Chokladbollar are a Swedish delicacy, and we’ve noticed on our trips to Stockholm that they’re available at almost every grocery and coffeehouse over there. They are often vegan, and boy are they delicious! I envy Swedes for their abundance of chokladbollar, since although a certain brand of them is sold in some Finnish supermarkets, they are a scarce resource to us in comparison with our neighboring country. Luckily chokladbollar are dead easy to make!

This batch makes about 9 smallish chokladbollar. It’s not very much, and I think we’ll have to double the recipe next time. We used a light vegan margarine, but I guess the commercially produced chokladbollar have coconut oil in them since they hold their shape in room temperature. I love the flavor of coffee in these, but it can be replaced with another liquid if desired – soy milk would be perfect, or maybe even a dash of some nice liqueur for extra decadence.

This is what we used:

  • 50 g vegan margarine, in room temperature (about 2 tablespoons)
  • 3/4 dl (muscovado) sugar
  • 1 tablespoon vanilla sugar
  • 2 tablespoons good cocoa powder
  • 1 and 1/2 dl rolled oats (ground)
  • 1 tablespoon coffee (we used espresso)
  • about 1 dl desiccated coconut for rolling

First, we ground the oats in our mini food processor until they resembled a coarse flour. I haven’t seen this done in any other recipe, but I just think it’s much nicer this way – I like smoother texture without chewy oats. We also brewed a little bit of coffee in our smallest stove-top coffee maker and let it cool to room temperature.

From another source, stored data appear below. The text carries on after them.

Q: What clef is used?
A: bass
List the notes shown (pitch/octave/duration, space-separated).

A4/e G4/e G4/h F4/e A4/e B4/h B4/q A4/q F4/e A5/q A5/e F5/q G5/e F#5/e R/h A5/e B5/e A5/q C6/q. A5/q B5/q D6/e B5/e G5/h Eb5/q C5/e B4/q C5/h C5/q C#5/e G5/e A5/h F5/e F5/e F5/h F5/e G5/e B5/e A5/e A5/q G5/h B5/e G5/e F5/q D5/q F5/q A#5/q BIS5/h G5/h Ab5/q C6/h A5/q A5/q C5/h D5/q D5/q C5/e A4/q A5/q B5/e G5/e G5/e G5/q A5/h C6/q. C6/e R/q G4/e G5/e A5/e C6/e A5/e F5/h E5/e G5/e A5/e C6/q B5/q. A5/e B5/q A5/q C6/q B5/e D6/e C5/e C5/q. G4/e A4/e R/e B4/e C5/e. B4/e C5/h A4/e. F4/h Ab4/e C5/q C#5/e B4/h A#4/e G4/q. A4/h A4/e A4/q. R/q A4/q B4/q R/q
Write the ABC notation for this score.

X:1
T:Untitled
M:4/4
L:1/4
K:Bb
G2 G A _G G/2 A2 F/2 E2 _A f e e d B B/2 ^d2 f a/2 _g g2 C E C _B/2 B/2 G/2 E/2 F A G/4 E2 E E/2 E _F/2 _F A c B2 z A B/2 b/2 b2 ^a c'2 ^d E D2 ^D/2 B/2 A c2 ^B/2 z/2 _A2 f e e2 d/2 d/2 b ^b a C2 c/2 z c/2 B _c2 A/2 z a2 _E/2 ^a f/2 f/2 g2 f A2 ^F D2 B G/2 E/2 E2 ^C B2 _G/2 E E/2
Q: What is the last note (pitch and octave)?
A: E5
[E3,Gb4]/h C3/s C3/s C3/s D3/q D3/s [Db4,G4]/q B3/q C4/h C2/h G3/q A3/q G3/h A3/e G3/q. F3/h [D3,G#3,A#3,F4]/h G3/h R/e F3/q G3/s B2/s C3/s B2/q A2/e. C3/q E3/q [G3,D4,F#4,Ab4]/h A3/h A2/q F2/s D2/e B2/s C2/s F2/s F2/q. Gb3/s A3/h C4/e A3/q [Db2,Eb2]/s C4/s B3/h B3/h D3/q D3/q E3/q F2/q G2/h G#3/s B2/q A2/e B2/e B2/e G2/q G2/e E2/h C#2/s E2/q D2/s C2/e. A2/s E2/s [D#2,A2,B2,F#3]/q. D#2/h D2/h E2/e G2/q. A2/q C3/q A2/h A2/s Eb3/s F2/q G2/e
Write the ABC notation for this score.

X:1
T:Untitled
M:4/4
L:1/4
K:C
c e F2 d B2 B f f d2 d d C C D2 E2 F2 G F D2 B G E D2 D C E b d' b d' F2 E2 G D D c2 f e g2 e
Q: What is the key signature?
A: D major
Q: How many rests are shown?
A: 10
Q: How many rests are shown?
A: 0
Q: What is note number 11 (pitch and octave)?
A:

We creamed together the sugar, vanilla sugar, cocoa powder, and margarine. Then we added the oats and the coffee, and mixed with our immersion blender until well combined. The dough can be mixed by hand just as well, but again, it wont be quite as smooth.

Now, we chilled the dough in the fridge for about 30 minutes – it’s too sticky to handle otherwise. Then we just rolled the dough into 9 more or less equal-sized balls, rolled the balls in the desiccated coconut, and chilled them for about 1 hour more.